558 posts in 1203 days


08-29-2013 02:40 AM

I’ve searched and found some great examples of out feed tables for my Rigid TS3650, but can’t seem to find any plans on how to make it. Wondering if anyone had some plans for this or new were to go to get them.

I’d must admit I’m not always the best at coming up with ideas but I can micmic than like no other!!

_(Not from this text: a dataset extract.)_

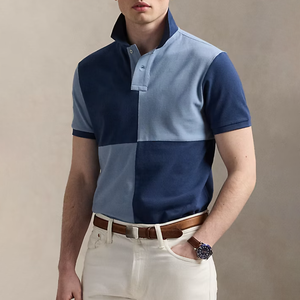 Polo en coton coupe ajustée pour hommes, manches courtes, impression confortable de couleurs contrastées, bouton à motif simple pour polos d'été - Product Image 1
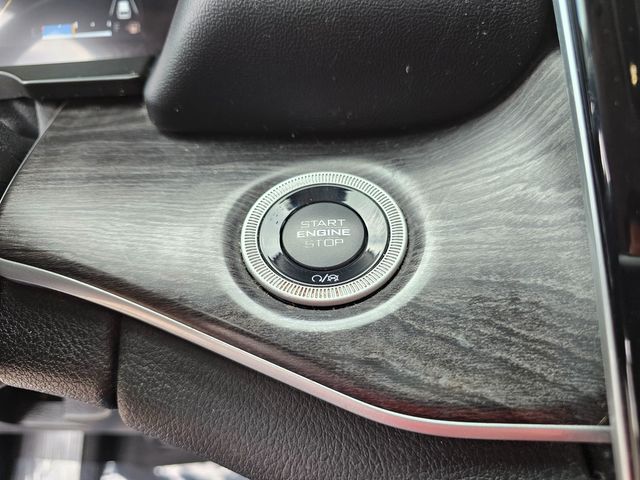 2022 Jeep Grand Cherokee L Limited | Brownsville TX | English Motors 2022 Jeep Grand Cherokee L Limited | Brownsville TX | English Motors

I could probably figure something out, but between the motor sitting in the back and moving when beveling, I really don’t know where to start!

-- Keith


23 replies so far

View toolie's profile

toolie

2024 posts in 2093 days


#1 posted 08-29-2013 06:59 PM

here’s a couple:

http://sawsndust.com/p-outfeed.htm

https://www.ridgidforum.com/forum/t7542/

i followed the design of the ridgid forum for an outfeed table on a ridgid ts2412. it worked great.

-- there's a solution to every problem.......you just have to be willing to find it.

View Lynden's profile

Lynden

60 posts in 2612 days


#2 posted 08-31-2013 02:18 AM

Toolie beat me to it. The second link above is one of the best outfeed tables I have seen for a TS3650. It’s a long post with lots of pictures for you to follow.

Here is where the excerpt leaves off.